Pubblicato da Maria Panariello
il 14/10/2025
Ci avevano detto che il caporalato in Lombardia non esiste. Anzi, che il caporalato a Mantova non esiste.
Ci avevano accusato di “falsità” e pressappocaggine, dopo che avevamo ricostruito il meccanismo delle cooperative senza terra nel mantovano che lavorano nella filiera dei meloni, delle insalate in busta e dei macelli, nel report “Cibo e sfruttamento. Made in Lombardia”, nel 2023. In quel report raccontavamo anche il sistema illecito gestito da imprenditori moldavi, che reclutavano lavoratori stranieri portandoli in Italia con passaporto rumeno tra Mantova, Sermide e Poggio Rusco.
Insieme all'associazione Lule, nel nostro report abbiamo raccolto la storia di Artiom e Amelia, la coppia che ha attraversato le regioni balcaniche, giunta in Italia con un passaporto rumeno.
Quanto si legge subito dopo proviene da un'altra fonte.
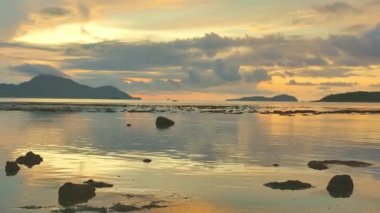 Güneş doğarken sarı gökyüzünde hareket eden bulutlar Rawai sahilindeki Phuket adalarının üzerinde yavaşça ilerliyorlar. Doğa videosu çok kaliteli. Mercan resifinin üzerinde sarı gün doğumu. Renkli gökyüzü arkaplanı manzarası.
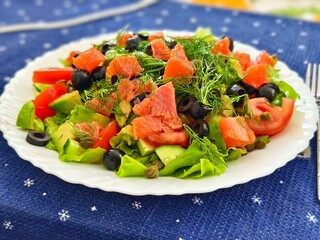 Fresh salmon salad with avocado tomatoes olives and dill on a white plate ready to be served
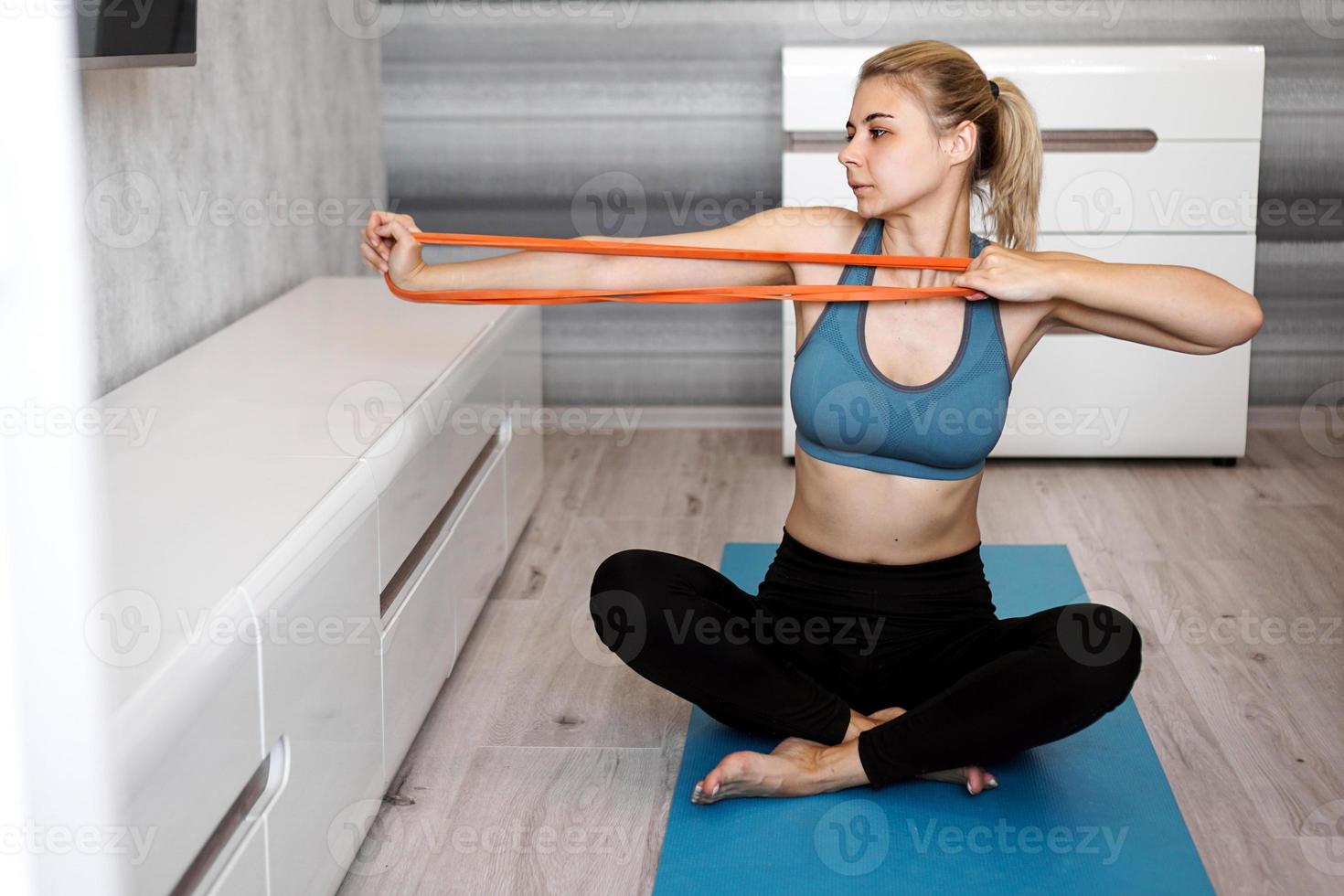 vrouw thuis die probeert af te vallen en te trainen met elastische band foto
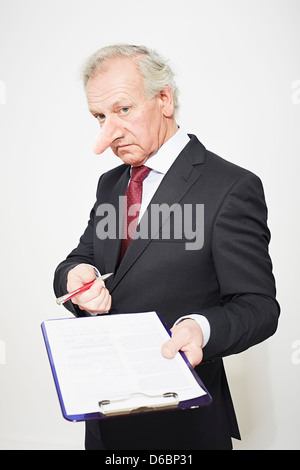Businessman with long nose and contract Stock Photo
Questa stessa storia oggi viene citata su tutti i giornali mantovani.
All’alba di oggi infatti, nella provincia di Mantova è scattata una vasta operazione delle forze dell’ordine. Sono state eseguite due ordinanze di custodia cautelare in carcere nei confronti di due imprenditori di origine moldava per favoreggiamento dell’immigrazione clandestina e di intermediazione illecita e sfruttamento del lavoro. Sarebbero coinvolti anche due imprenditori italiani, responsabili di reato di sfruttamento del lavoro per aver “utilizzato” la manodopera procurata dai due cittadini moldavi.
L’indagine è iniziata nel luglio 2024, un anno dopo l’uscita del nostro report. I carabinieri hanno appurato che le due persone arrestate, dopo aver organizzato l’ingresso in Italia dei lavoratori, avevano il totale controllo sulla loro vita, dagli spostamenti al domicilio, visto che dimoravano, a pagamento, negli alloggi dei due cittadini moldavi.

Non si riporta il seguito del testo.